Because of the time differential, although it was 3:30 p.m. at Geneva National, in London it was half past 11 p.m., which would have made a Skype connection inconvenient for Holden, Kosiek said.

Extraordinary story

Kosiek said he wanted to draw attention to the contributions made by ordinary soldiers from the Midwest during their service in World War II.

He also wanted to bring attention to the extraordinary story told by Holden in “Born Survivors,”

Also at the meeting was Jerry Huffman, a former Wisconsin Public Television journalist and owner of Go2Guy Communications, who helped bring the story of Holden’s book and the three mothers and their children to the attention of local media.

Olsky said he has no doubt that Sgt. Kosiek’s arrival saved his life, the lives of the other two infants and most if not all of the survivors in Mauthausen. The Nazis were trying to hide their crimes by killing the survivors.

Whether the camp guards had enough men or equipment to carry out a massacre, it became moot when Kosiek’s platoon broke down the gates.

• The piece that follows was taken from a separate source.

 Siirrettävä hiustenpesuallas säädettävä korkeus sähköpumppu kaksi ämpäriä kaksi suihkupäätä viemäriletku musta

The son of another Mauthausen rescuer, Brian Petersohn, attended the meeting on behalf of his late father, LeRoy “Pete” Petersohn.

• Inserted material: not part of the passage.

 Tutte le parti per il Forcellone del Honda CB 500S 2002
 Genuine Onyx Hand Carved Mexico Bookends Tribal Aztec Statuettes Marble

LeRoy Petersohn was a newspaper typesetter before the war. During the war he was a medic and the driver for a regimental chief medical officer.

It was Petersohn who convinced Priska to release her infant daughter Hana to his care and the care of other medics, said Brian Petersohn, of Aurora, Illinois.

The child who was turned over to Petersohn’s care was covered in lice and was deathly ill with a number of infections, Brian Petersohn said.

The child may have been the first civilian to be treated the new miracle drug, penicillin, he added.

When little Hana recovered, she was returned to her mother, he said.

According to his obituary, during the war, he received a Purple Heart during the Battle of the Bulge. In 2005 he received the Golden Badge of Honor from the Austrian government.

In October 2008 he received the Shofar of Freedom award from Temple Israel, Albany, New York for being a liberator, witness, and providing medical care to the victims of the Mauthausen camp.

Petersohn said his father was a devoted newspaper man, who was a typesetter at the Aurora Beacon News. He kept a journal of his life as a medic during World War II. His one regret was forceably taking a camera from a captive German soldier. He said the German wept when his prized possession was taken.

Petersohn said that one act burned in his father’s conscience long after the war.

LeRoy Petersohn died in Montgomery, Illinois, in June 2010. He was 88.